Other studies have shown that in the developed world most medical information is usually sourced for from nonmedical sources like the internet to consolidate what they have been told by the physician or get additional information that was not explained by the physician [59, 16]. This however is not the case in the developing world, Nigeria included, as these sources of information are not widely available there. Also, there is a widespread traditional belief in our society that “the physician knows best” and patients therefore accept all information without any queries; this is likely to have affected the patient being discussed. Most patients only want the lesion to be removed and once this is done and they are symptom-free, many of them do not bother to see the physician except when there is a recurrence. This, we believe, is as a result of the disease process on the part of the patients and inadequacy of the informed consent comprehension as a whole. The consent procedure would have been better if the informed consent document is given to the patient to take home, read, and discuss with family members before appending his or her signature. A recent Nigerian study showed that recall of risks was higher in patients who went home with written materials when compared to those who only had verbal counseling [20]. Ezeome et al. in their study on the content of informed consent forms in surgical departments of some Nigerian hospitals found inadequate information on the risks associated with surgery and anesthesia [21]. The use of supplementary materials, especially multimedia, to enhance comprehension of patients has been proven in many studies around the world; these innovations, however, have not been introduced in many Nigerian hospitals [2224].

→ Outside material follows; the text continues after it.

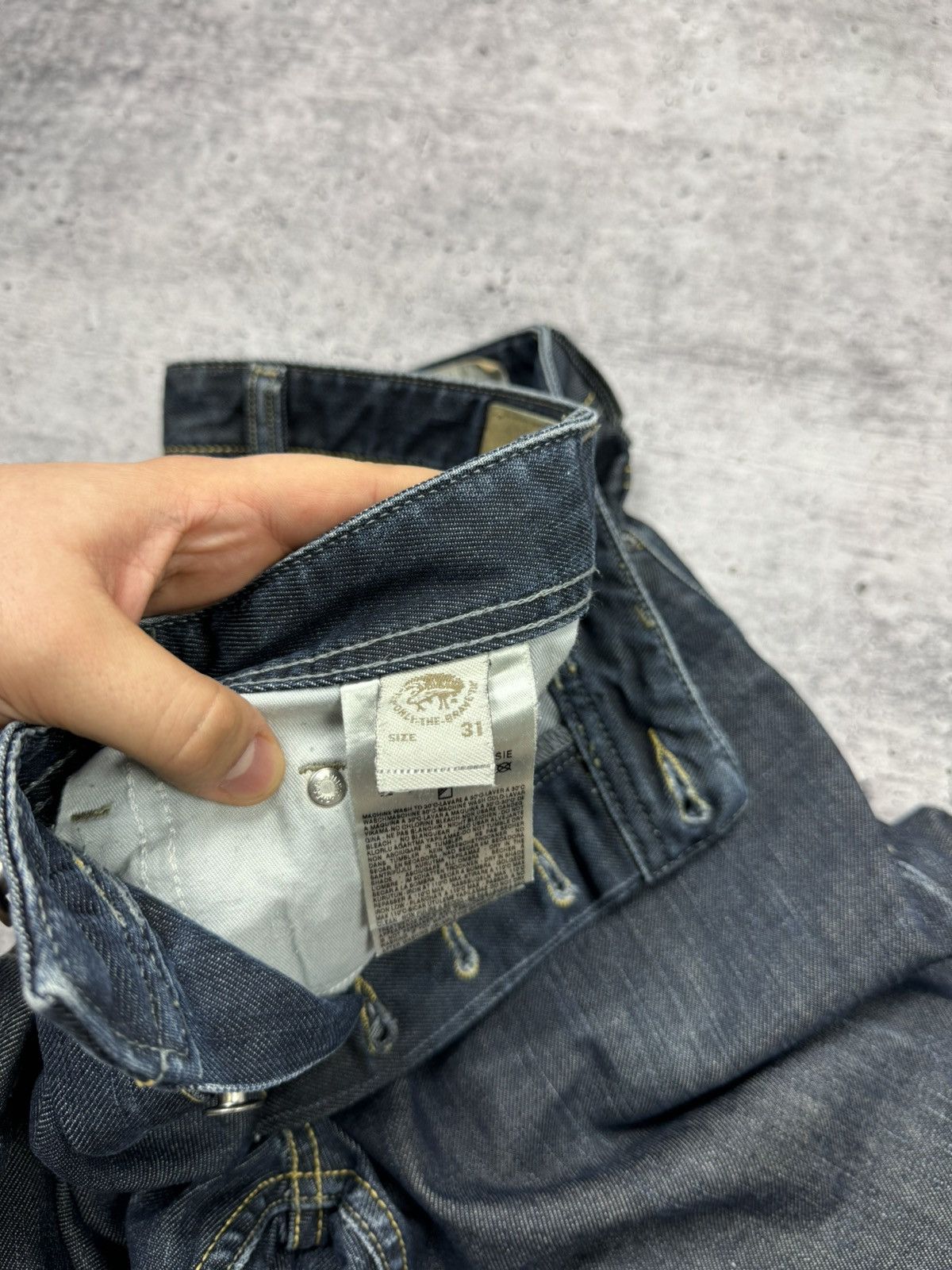 Diesel Vintage Diesel 90’s Y2K Style Classic Dark Blue Jeans Pants Size US 31 - 12 Thumbnail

In conclusion, this work has highlighted some of the deficiencies in the informed consent procedure in otolaryngology surgery in Nigeria. There is need for a more robust informed consent process that includes the initial outpatient consultation and the preoperative and postoperative period. The importance of written and other forms of communication cannot be overemphasized. It is up to physicians to understand and use these alternative information channels where possible so as to achieve a better level of comprehension among patients. It is also important that the information needs of patients be tailored according to their peculiarities and the need for feedback from patients regarding comprehension of the process.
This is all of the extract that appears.